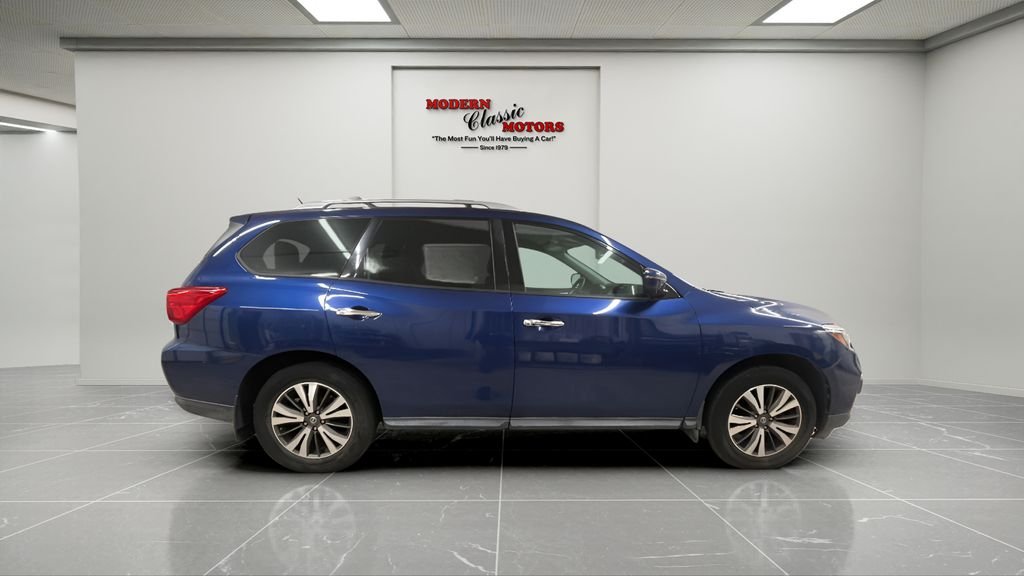 Used 2017 Blue Nissan SL image 6
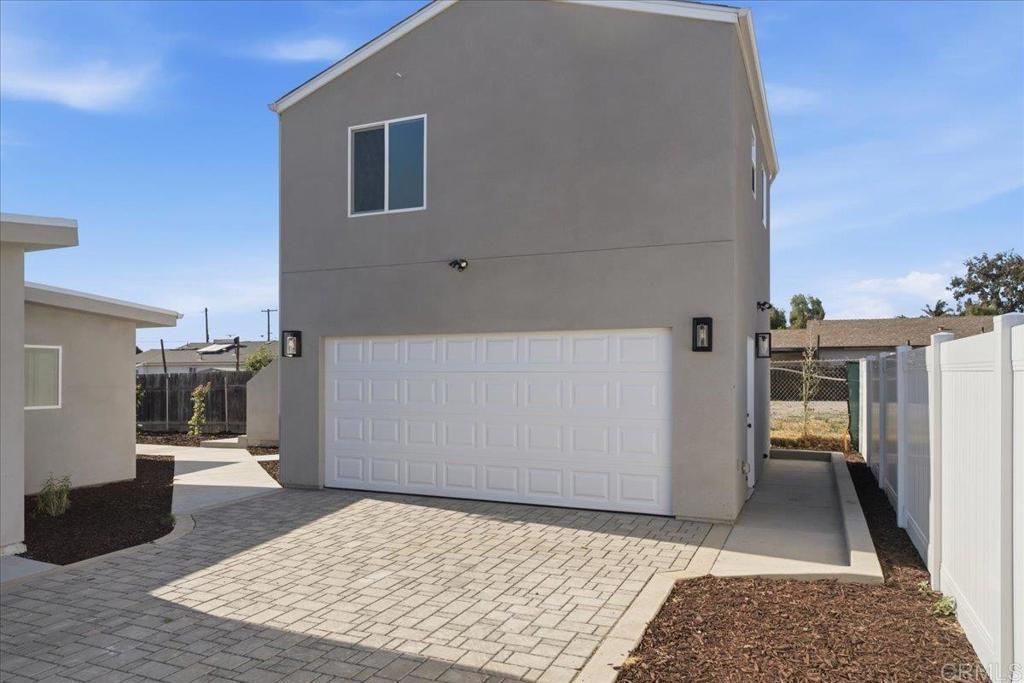 Image 5 of property listing at 1839 Rios Avenue 1 & 2, Chula Vista, CA 91911
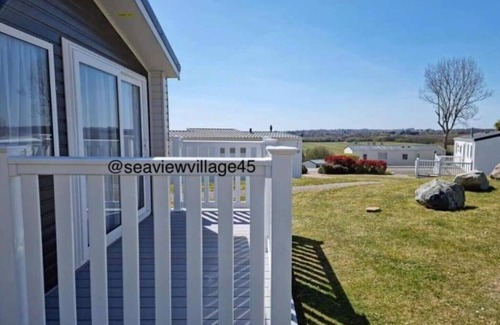St Leonards-On-Sea House | 8 Birth Seaview Apartment in Combe Haven Holiday Park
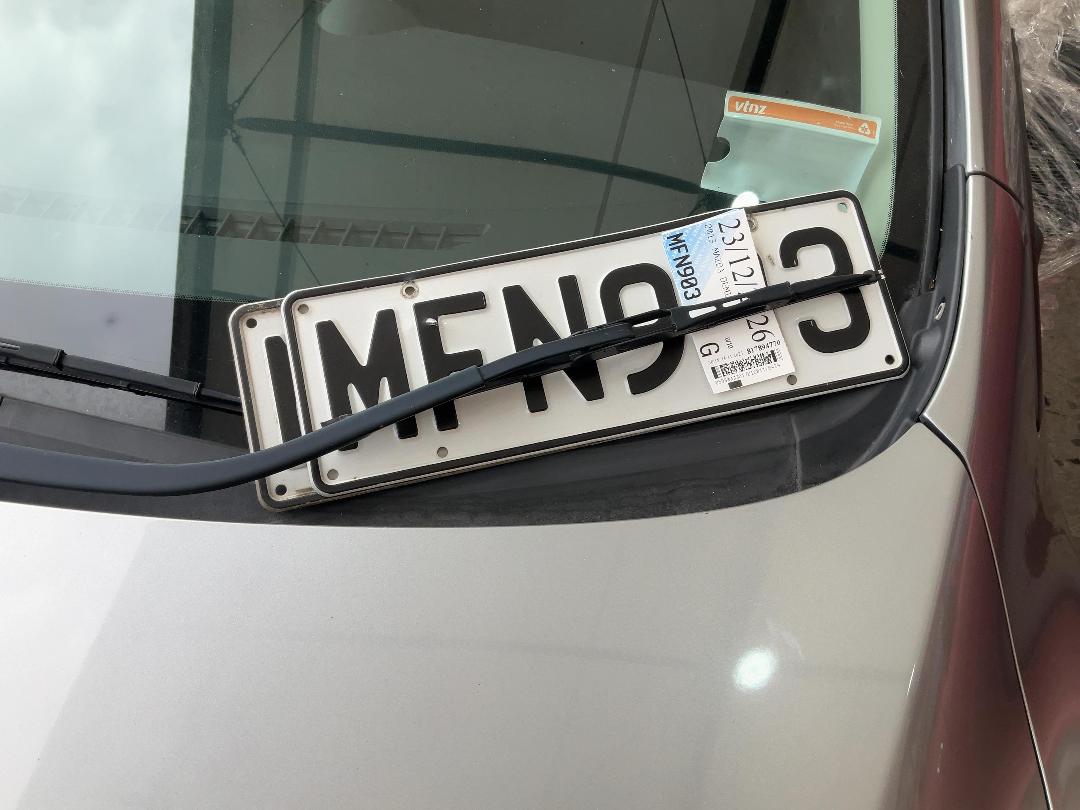 Photo '28' of Mazda Demio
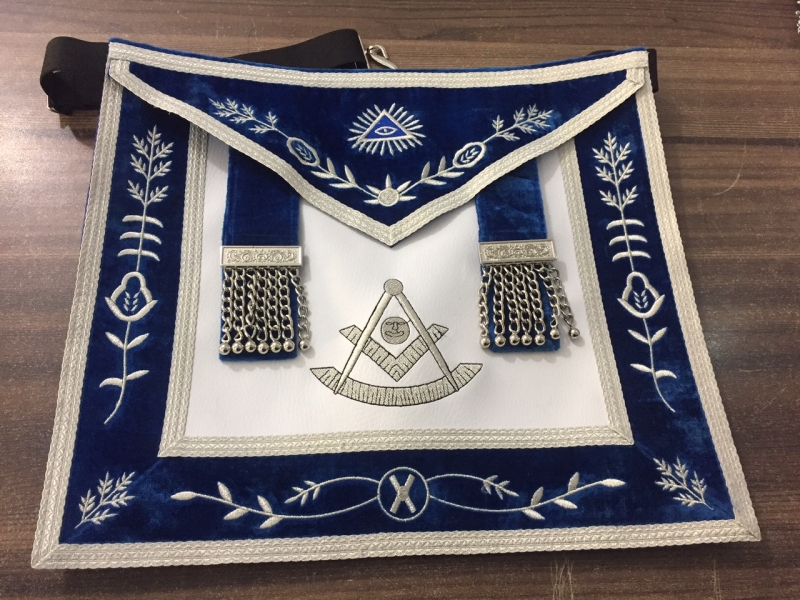 PAST MASTER APRONS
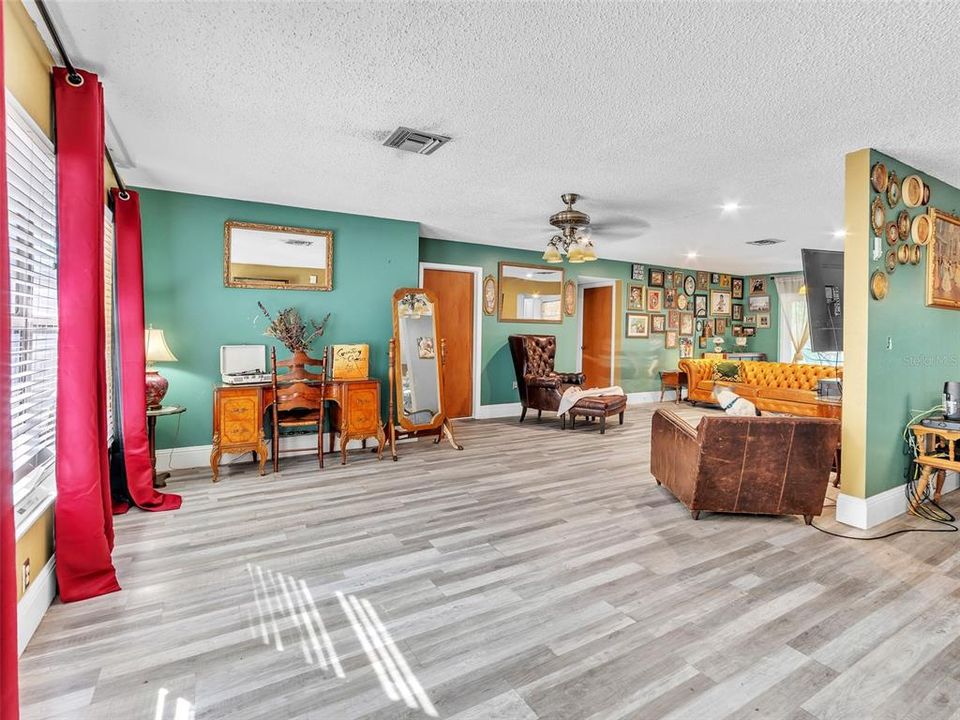 For Sale: $425,000 (3 beds, 2 baths, 1573 Square Feet)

==============================

Excluding the images, return each record above precisely as written.

 Used 2017 Blue Nissan SL image 6
 Image 5 of property listing at 1839 Rios Avenue 1 & 2, Chula Vista, CA 91911
St Leonards-On-Sea House | 8 Birth Seaview Apartment in Combe Haven Holiday Park
 Photo '28' of Mazda Demio
 PAST MASTER APRONS
 For Sale: $425,000 (3 beds, 2 baths, 1573 Square Feet)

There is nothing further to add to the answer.